* _Your objective_
Every line of the records that contains the string "Read" counts once; give the total and nothing else.

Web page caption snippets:
• • • •
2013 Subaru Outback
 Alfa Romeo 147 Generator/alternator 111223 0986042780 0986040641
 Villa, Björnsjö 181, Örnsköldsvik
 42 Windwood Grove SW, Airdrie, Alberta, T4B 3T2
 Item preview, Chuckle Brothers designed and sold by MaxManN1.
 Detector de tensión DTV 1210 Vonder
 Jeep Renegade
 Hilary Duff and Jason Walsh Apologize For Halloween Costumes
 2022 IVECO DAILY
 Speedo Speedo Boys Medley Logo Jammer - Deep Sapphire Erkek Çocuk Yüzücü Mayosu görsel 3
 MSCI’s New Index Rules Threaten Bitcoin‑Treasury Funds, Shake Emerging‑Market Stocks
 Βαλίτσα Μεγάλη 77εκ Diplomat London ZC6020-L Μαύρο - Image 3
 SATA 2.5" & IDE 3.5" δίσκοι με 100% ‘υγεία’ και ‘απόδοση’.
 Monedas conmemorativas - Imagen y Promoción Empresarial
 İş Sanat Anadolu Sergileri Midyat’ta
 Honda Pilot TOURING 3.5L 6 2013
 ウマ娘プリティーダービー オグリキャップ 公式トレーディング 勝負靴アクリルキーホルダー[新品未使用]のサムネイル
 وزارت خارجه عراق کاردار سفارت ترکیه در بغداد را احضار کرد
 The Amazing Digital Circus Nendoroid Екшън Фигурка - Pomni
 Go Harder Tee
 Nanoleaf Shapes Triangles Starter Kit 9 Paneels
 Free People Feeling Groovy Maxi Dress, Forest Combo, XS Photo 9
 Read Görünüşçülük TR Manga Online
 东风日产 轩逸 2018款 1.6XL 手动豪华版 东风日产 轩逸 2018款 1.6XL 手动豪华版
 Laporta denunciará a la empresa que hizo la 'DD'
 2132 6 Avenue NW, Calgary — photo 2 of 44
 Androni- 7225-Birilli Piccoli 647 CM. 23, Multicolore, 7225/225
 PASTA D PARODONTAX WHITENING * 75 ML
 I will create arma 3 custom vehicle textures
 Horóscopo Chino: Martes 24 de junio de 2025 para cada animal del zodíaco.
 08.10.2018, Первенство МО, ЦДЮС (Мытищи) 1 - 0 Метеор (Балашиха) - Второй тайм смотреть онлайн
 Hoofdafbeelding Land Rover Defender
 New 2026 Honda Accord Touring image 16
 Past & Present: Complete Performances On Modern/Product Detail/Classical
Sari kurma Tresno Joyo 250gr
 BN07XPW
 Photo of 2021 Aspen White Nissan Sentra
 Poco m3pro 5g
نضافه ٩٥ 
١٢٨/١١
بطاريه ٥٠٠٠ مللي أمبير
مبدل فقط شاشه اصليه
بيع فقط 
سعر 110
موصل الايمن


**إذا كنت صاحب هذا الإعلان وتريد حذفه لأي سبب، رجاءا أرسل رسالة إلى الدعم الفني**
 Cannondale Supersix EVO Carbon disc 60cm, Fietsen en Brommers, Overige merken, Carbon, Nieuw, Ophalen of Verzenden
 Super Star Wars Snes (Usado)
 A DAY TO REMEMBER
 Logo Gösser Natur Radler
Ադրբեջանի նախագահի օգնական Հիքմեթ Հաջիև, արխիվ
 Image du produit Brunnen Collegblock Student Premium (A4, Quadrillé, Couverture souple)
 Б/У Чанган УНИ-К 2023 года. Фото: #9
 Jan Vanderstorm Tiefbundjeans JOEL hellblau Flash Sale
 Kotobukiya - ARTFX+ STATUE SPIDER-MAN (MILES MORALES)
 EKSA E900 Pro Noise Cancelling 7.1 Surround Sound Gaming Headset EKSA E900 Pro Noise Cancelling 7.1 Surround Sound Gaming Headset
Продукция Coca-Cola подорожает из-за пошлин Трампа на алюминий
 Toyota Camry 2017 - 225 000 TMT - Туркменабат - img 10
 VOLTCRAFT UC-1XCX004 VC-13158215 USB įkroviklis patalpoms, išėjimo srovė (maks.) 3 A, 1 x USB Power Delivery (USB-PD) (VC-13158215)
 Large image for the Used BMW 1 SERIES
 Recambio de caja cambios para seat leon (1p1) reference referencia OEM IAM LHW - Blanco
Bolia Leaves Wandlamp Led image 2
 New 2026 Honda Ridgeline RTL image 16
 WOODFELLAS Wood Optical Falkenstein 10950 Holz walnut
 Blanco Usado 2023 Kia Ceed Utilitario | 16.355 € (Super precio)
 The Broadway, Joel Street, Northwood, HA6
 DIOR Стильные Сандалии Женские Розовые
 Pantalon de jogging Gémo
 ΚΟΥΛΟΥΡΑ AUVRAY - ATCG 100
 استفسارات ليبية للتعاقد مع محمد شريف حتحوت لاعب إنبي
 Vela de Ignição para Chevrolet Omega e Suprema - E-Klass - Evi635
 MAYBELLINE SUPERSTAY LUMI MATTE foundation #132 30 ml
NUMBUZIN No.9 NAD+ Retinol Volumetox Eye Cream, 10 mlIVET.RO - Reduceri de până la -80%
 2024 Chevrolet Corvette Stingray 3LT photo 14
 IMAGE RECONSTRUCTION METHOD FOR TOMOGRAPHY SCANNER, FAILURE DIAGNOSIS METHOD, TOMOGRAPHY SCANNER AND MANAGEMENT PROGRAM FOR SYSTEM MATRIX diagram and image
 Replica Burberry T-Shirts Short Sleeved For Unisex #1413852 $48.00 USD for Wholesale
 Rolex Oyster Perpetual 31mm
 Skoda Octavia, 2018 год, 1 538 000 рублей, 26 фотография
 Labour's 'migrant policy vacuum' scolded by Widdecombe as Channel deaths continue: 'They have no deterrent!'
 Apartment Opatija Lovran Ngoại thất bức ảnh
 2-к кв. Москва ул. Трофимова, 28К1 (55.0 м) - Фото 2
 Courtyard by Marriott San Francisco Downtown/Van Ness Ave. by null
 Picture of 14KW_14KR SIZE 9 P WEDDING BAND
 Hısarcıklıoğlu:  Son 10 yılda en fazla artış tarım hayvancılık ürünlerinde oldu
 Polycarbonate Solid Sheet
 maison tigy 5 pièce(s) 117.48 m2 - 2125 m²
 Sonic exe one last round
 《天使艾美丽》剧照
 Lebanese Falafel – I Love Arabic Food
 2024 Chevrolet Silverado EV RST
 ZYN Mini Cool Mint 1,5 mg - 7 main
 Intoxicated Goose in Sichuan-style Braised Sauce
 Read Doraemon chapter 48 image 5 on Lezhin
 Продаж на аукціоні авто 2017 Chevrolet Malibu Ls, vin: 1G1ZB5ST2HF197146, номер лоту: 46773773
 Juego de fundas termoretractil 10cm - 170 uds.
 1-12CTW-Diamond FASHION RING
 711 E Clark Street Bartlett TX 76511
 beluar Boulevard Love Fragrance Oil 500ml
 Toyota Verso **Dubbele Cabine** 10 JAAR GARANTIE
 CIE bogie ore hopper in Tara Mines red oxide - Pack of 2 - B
• • • •
* _Exercise solution_
2